# CO2 System Recommendation



## jrman83 (Jul 9, 2010)

I have a Red Sea Pro Deluxe system on one of my tanks and I guess it is adequate - does the job so far. In the market for one to put on one of my other tanks. Any particular system you prefer or do you piece parts together?

If you were going to buy a complete system, which one would you go with?


----------



## Big Dog (May 17, 2010)

Check Out Greenleafaquariums.com They sell sweet Co2 regulatores.


----------



## knownothingfishowner (Feb 22, 2010)

If you have a buddy or relative who's a machinist, welder or pipefitter - they always seem to have a bunch of CO2 stuff languishing around that they haven't used in ages. 

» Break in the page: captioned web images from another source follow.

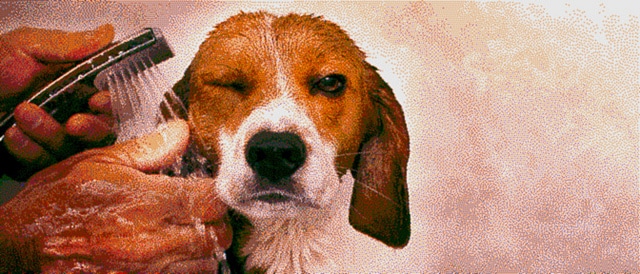 Sprinkle Beagle Dog Portrait Artwork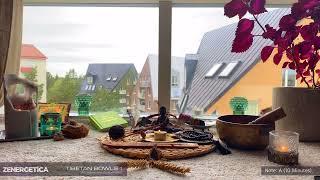 Singing Bowl (Note A) 528 Hz for Meditation & Healing & Sleep: Removes All Negative Energy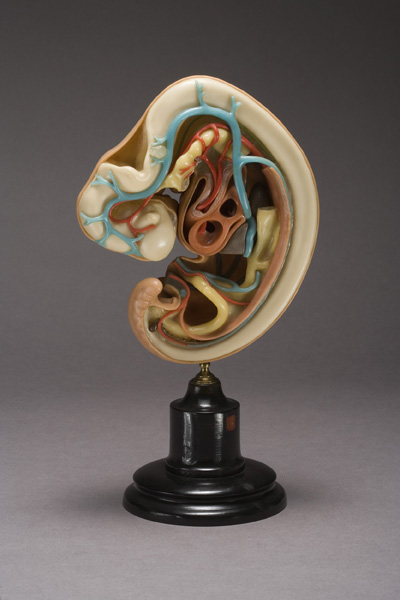 EMBRIONE DI ZIEGLER, sviluppo dell'embrione umano (modello anatomico, opera isolata) di Ziegler, Friedrich (laboratorio) (fine XIX)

Maybe get lucky and have the guy tell you to "Get it the hell out of here!" 

Translation: It's free if you will take it.

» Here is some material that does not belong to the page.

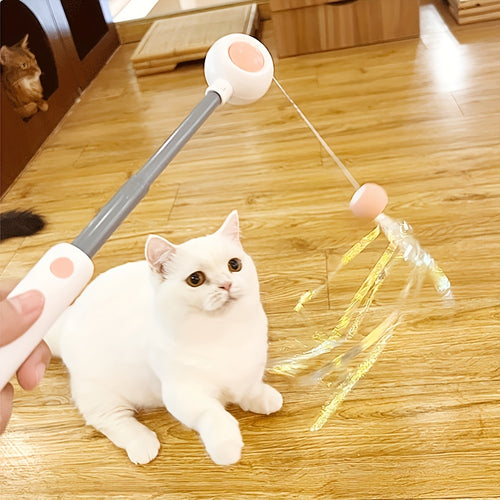 Retractable Cat Wand Toy With Replacement Head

Of course, this is the best case scenario. But, if possible to save some coin, by all means - use it!


----------



## Big Dog (May 17, 2010)

That is how I started out. Lot cheaper than buying new.


----------



## Cole (Aug 18, 2010)

If it's a smaller tank, you could always try a DIY with yeast. I just set one up a few days ago for under $10 and am very happy so far.


----------



## jrman83 (Jul 9, 2010)

This is for a 125g, DIY is not an option. I ended up buying a new fully automatic system.


----------



## NursePlaty (Feb 5, 2010)

*I use JBJ and the system is 3-4 yrs old. Works great with no complications. I hear Milwaukee is also a great system.

*


----------